[[ Data open ]]

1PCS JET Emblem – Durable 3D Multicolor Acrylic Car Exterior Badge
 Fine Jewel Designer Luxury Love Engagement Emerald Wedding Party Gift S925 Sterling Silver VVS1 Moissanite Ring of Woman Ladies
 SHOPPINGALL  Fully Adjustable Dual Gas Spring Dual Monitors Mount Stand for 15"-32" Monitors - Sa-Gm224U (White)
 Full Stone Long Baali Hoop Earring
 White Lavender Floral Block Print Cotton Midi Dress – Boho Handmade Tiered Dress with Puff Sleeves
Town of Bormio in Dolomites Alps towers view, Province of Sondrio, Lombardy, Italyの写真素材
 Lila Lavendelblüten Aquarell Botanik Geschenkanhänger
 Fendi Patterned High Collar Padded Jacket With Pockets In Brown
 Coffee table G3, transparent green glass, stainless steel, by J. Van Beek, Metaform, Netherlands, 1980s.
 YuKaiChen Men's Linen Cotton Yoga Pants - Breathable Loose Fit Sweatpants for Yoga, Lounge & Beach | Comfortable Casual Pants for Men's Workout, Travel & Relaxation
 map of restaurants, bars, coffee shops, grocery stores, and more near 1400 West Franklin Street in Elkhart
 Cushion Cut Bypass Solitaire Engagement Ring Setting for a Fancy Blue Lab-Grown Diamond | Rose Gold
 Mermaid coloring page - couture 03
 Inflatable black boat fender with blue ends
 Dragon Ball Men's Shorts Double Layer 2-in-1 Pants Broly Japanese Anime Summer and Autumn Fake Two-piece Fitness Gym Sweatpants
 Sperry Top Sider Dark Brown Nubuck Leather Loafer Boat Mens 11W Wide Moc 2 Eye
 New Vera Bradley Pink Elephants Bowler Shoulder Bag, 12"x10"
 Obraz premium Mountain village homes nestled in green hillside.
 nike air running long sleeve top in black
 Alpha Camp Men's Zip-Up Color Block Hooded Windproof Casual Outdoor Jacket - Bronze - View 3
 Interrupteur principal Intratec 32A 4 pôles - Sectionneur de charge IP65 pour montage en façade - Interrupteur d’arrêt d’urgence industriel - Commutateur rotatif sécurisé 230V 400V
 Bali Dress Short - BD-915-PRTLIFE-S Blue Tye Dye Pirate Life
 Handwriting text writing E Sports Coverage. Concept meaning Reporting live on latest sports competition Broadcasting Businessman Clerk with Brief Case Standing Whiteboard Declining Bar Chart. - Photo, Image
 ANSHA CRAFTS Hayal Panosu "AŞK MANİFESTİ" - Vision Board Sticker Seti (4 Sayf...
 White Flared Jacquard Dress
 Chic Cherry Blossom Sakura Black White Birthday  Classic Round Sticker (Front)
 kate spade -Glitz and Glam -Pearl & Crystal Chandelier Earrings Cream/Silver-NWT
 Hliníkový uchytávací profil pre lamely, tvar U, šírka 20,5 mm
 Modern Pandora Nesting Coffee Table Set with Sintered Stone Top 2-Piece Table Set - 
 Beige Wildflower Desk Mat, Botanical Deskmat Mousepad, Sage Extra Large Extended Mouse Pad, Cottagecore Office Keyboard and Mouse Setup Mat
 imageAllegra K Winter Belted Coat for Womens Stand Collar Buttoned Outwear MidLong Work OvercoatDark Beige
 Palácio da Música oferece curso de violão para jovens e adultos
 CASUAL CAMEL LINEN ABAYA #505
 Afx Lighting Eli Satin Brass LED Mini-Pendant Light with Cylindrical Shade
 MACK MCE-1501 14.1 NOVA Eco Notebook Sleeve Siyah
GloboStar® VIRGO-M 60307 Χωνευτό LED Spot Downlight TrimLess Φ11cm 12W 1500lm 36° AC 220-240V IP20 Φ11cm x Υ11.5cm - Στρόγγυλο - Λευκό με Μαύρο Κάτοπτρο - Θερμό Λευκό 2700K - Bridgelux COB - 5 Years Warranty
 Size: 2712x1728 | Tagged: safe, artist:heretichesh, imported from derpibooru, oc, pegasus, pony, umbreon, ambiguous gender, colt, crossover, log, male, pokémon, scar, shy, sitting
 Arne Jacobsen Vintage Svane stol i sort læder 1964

[[ Data closed ]]

• Work instruction:
Print each record again. Nothing may be left out.

• Reply:
1PCS JET Emblem – Durable 3D Multicolor Acrylic Car Exterior Badge
 Fine Jewel Designer Luxury Love Engagement Emerald Wedding Party Gift S925 Sterling Silver VVS1 Moissanite Ring of Woman Ladies
 SHOPPINGALL  Fully Adjustable Dual Gas Spring Dual Monitors Mount Stand for 15"-32" Monitors - Sa-Gm224U (White)
 Full Stone Long Baali Hoop Earring
 White Lavender Floral Block Print Cotton Midi Dress – Boho Handmade Tiered Dress with Puff Sleeves
Town of Bormio in Dolomites Alps towers view, Province of Sondrio, Lombardy, Italyの写真素材
 Lila Lavendelblüten Aquarell Botanik Geschenkanhänger
 Fendi Patterned High Collar Padded Jacket With Pockets In Brown
 Coffee table G3, transparent green glass, stainless steel, by J. Van Beek, Metaform, Netherlands, 1980s.
 YuKaiChen Men's Linen Cotton Yoga Pants - Breathable Loose Fit Sweatpants for Yoga, Lounge & Beach | Comfortable Casual Pants for Men's Workout, Travel & Relaxation
 map of restaurants, bars, coffee shops, grocery stores, and more near 1400 West Franklin Street in Elkhart
 Cushion Cut Bypass Solitaire Engagement Ring Setting for a Fancy Blue Lab-Grown Diamond | Rose Gold
 Mermaid coloring page - couture 03
 Inflatable black boat fender with blue ends
 Dragon Ball Men's Shorts Double Layer 2-in-1 Pants Broly Japanese Anime Summer and Autumn Fake Two-piece Fitness Gym Sweatpants
 Sperry Top Sider Dark Brown Nubuck Leather Loafer Boat Mens 11W Wide Moc 2 Eye
 New Vera Bradley Pink Elephants Bowler Shoulder Bag, 12"x10"
 Obraz premium Mountain village homes nestled in green hillside.
 nike air running long sleeve top in black
 Alpha Camp Men's Zip-Up Color Block Hooded Windproof Casual Outdoor Jacket - Bronze - View 3
 Interrupteur principal Intratec 32A 4 pôles - Sectionneur de charge IP65 pour montage en façade - Interrupteur d’arrêt d’urgence industriel - Commutateur rotatif sécurisé 230V 400V
 Bali Dress Short - BD-915-PRTLIFE-S Blue Tye Dye Pirate Life
 Handwriting text writing E Sports Coverage. Concept meaning Reporting live on latest sports competition Broadcasting Businessman Clerk with Brief Case Standing Whiteboard Declining Bar Chart. - Photo, Image
 ANSHA CRAFTS Hayal Panosu "AŞK MANİFESTİ" - Vision Board Sticker Seti (4 Sayf...
 White Flared Jacquard Dress
 Chic Cherry Blossom Sakura Black White Birthday  Classic Round Sticker (Front)
 kate spade -Glitz and Glam -Pearl & Crystal Chandelier Earrings Cream/Silver-NWT
 Hliníkový uchytávací profil pre lamely, tvar U, šírka 20,5 mm
 Modern Pandora Nesting Coffee Table Set with Sintered Stone Top 2-Piece Table Set - 
 Beige Wildflower Desk Mat, Botanical Deskmat Mousepad, Sage Extra Large Extended Mouse Pad, Cottagecore Office Keyboard and Mouse Setup Mat
 imageAllegra K Winter Belted Coat for Womens Stand Collar Buttoned Outwear MidLong Work OvercoatDark Beige
 Palácio da Música oferece curso de violão para jovens e adultos
 CASUAL CAMEL LINEN ABAYA #505
 Afx Lighting Eli Satin Brass LED Mini-Pendant Light with Cylindrical Shade
 MACK MCE-1501 14.1 NOVA Eco Notebook Sleeve Siyah
GloboStar® VIRGO-M 60307 Χωνευτό LED Spot Downlight TrimLess Φ11cm 12W 1500lm 36° AC 220-240V IP20 Φ11cm x Υ11.5cm - Στρόγγυλο - Λευκό με Μαύρο Κάτοπτρο - Θερμό Λευκό 2700K - Bridgelux COB - 5 Years Warranty
 Size: 2712x1728 | Tagged: safe, artist:heretichesh, imported from derpibooru, oc, pegasus, pony, umbreon, ambiguous gender, colt, crossover, log, male, pokémon, scar, shy, sitting
 Arne Jacobsen Vintage Svane stol i sort læder 1964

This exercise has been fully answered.